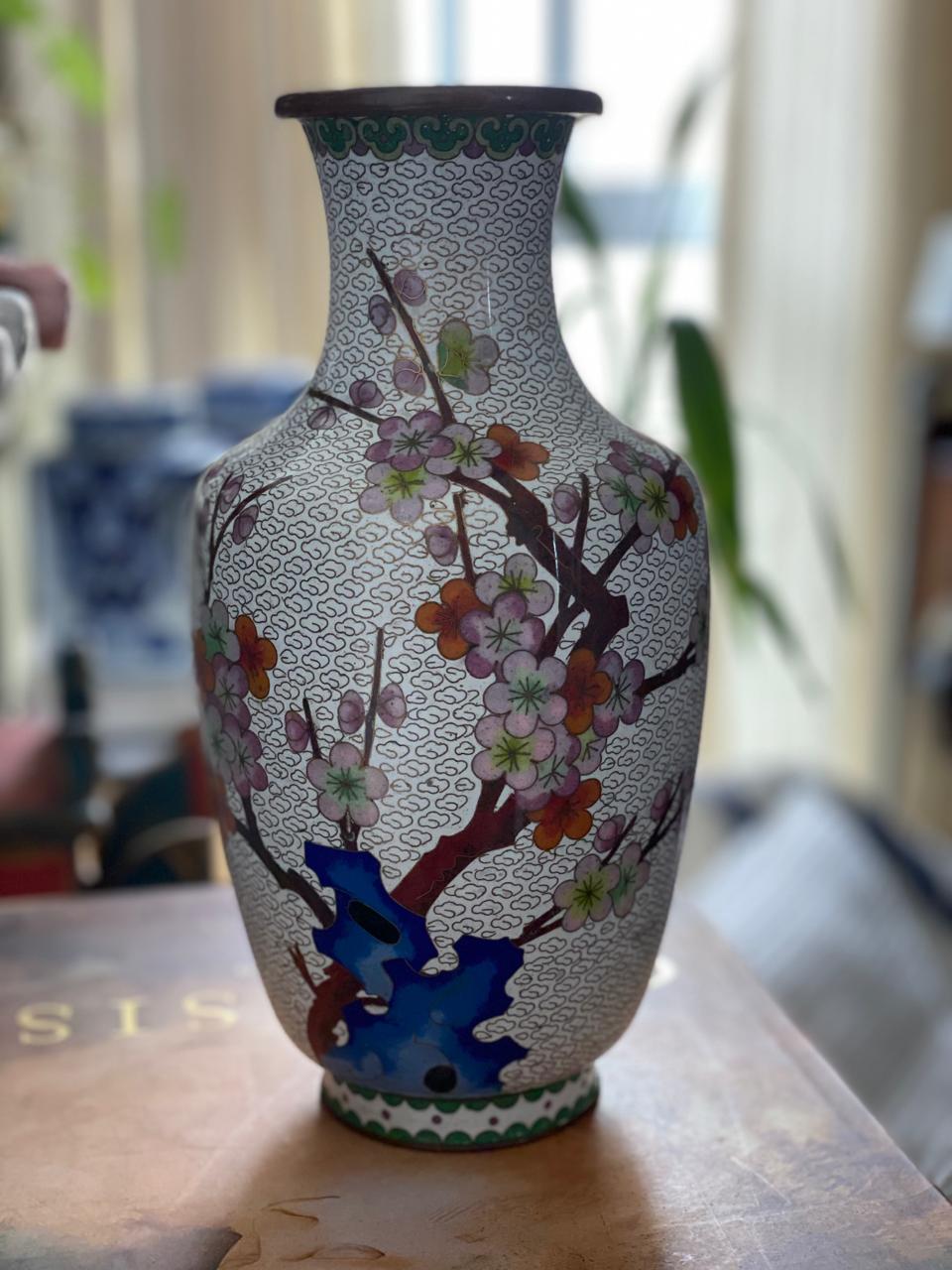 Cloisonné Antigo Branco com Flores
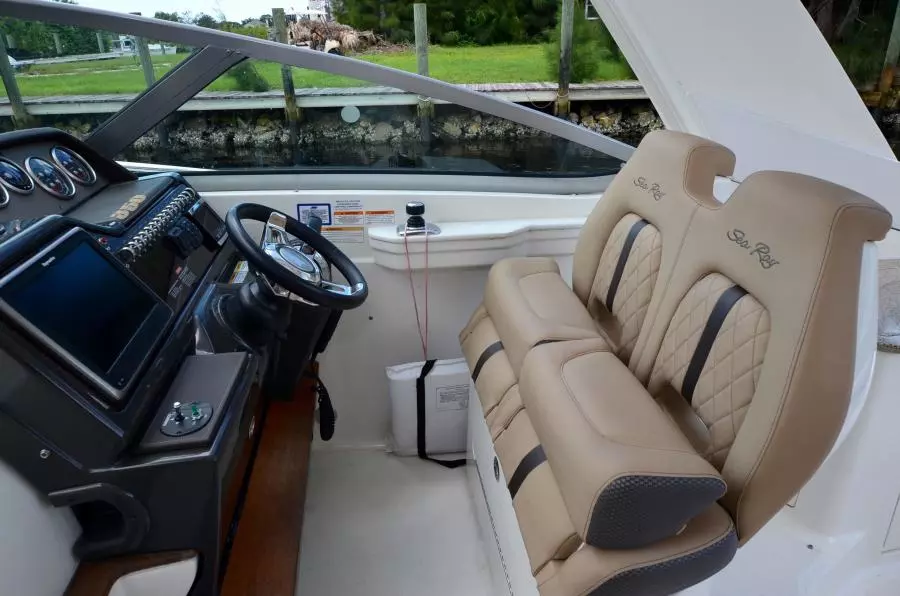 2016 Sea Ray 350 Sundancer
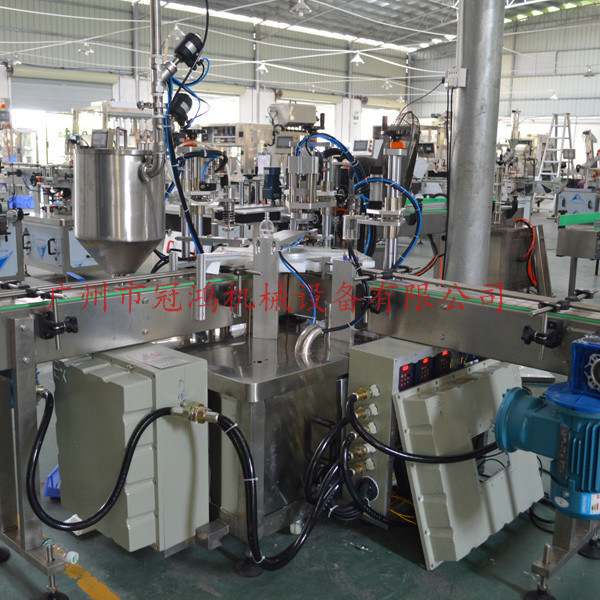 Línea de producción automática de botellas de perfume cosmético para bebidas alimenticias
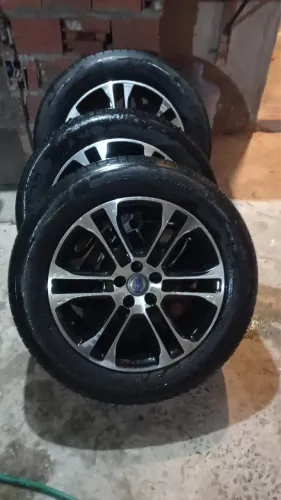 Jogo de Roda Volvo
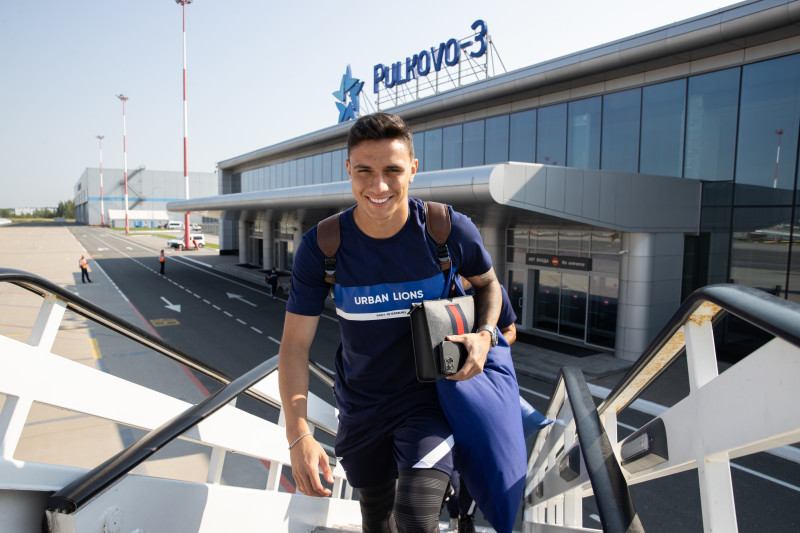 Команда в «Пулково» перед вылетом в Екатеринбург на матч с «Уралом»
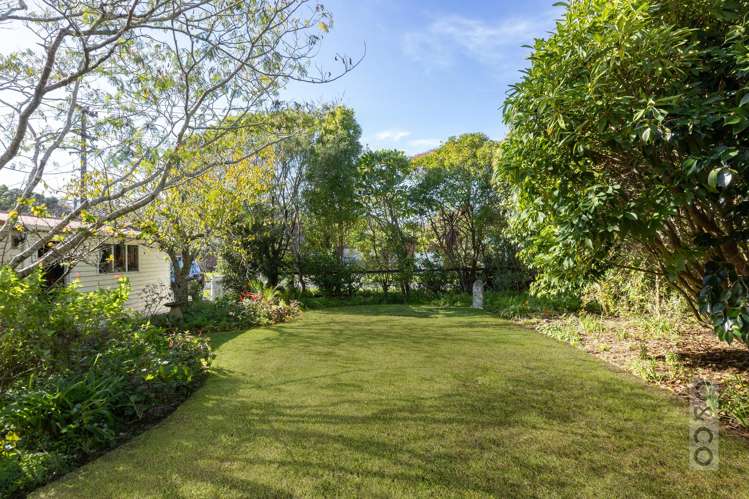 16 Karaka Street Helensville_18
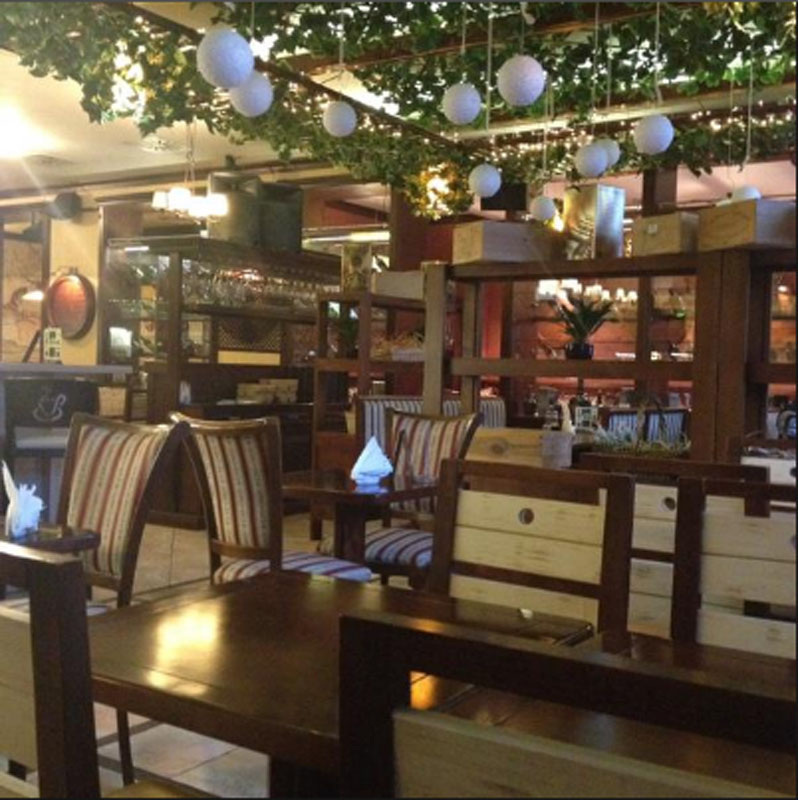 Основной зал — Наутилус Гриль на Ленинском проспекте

——

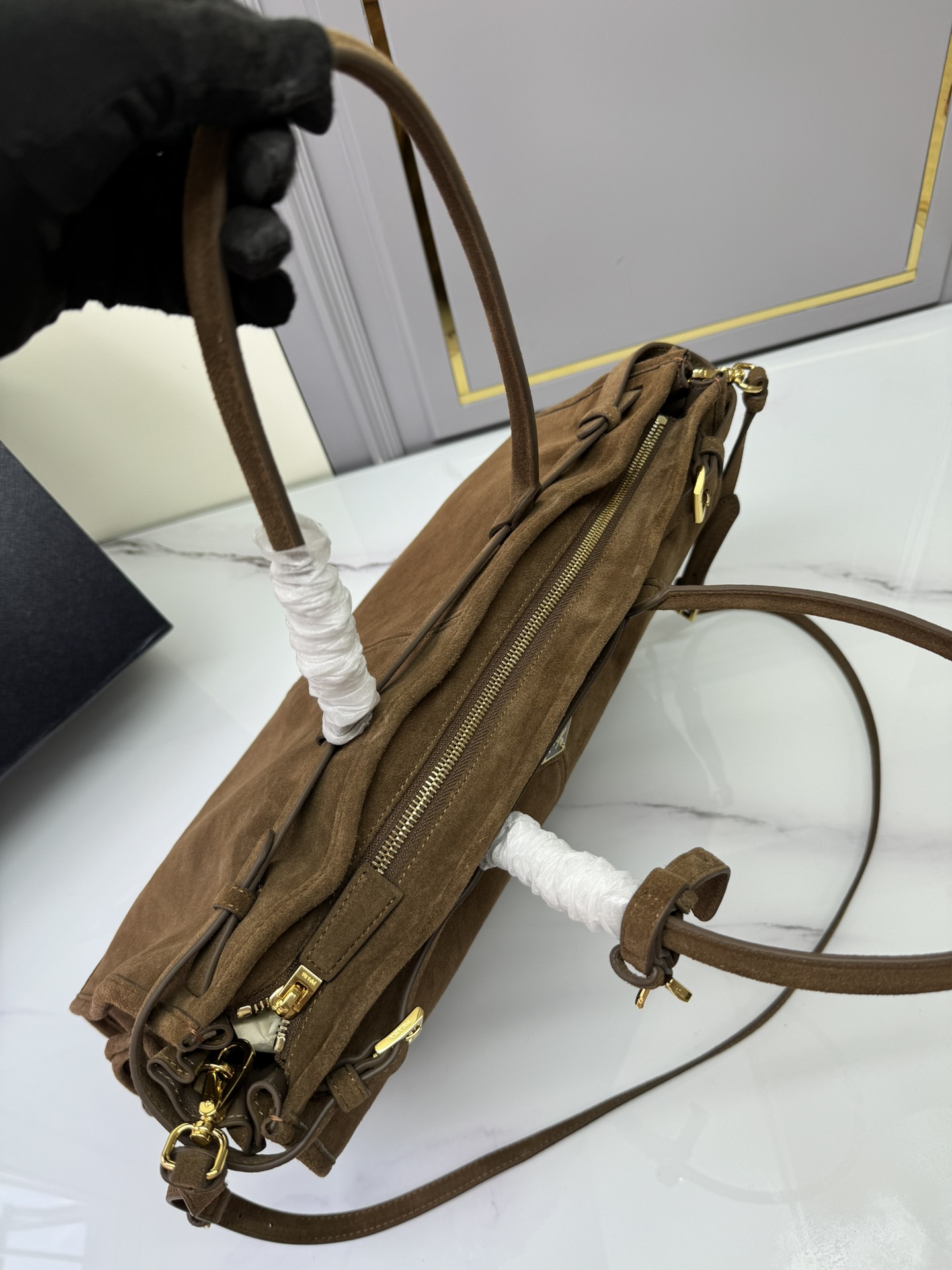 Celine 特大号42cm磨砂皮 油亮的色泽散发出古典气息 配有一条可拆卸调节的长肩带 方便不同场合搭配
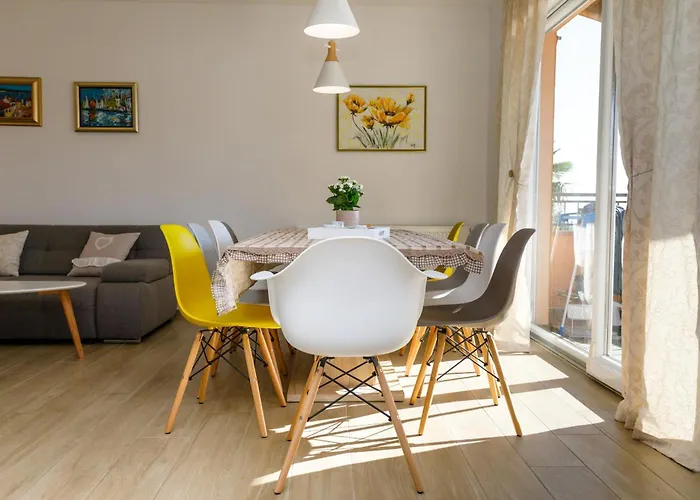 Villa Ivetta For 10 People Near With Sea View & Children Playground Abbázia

——

__Exercise aim__
In the listing above, find the line containing "Cloisonné Antigo Branco com Flores" and the line containing "16 Karaka Street Helensville_18". Print those two lines and every line between them exactly, with no pictures.

__Answer section__
 Cloisonné Antigo Branco com Flores
 2016 Sea Ray 350 Sundancer
 Línea de producción automática de botellas de perfume cosmético para bebidas alimenticias
 Jogo de Roda Volvo
 Команда в «Пулково» перед вылетом в Екатеринбург на матч с «Уралом»
 16 Karaka Street Helensville_18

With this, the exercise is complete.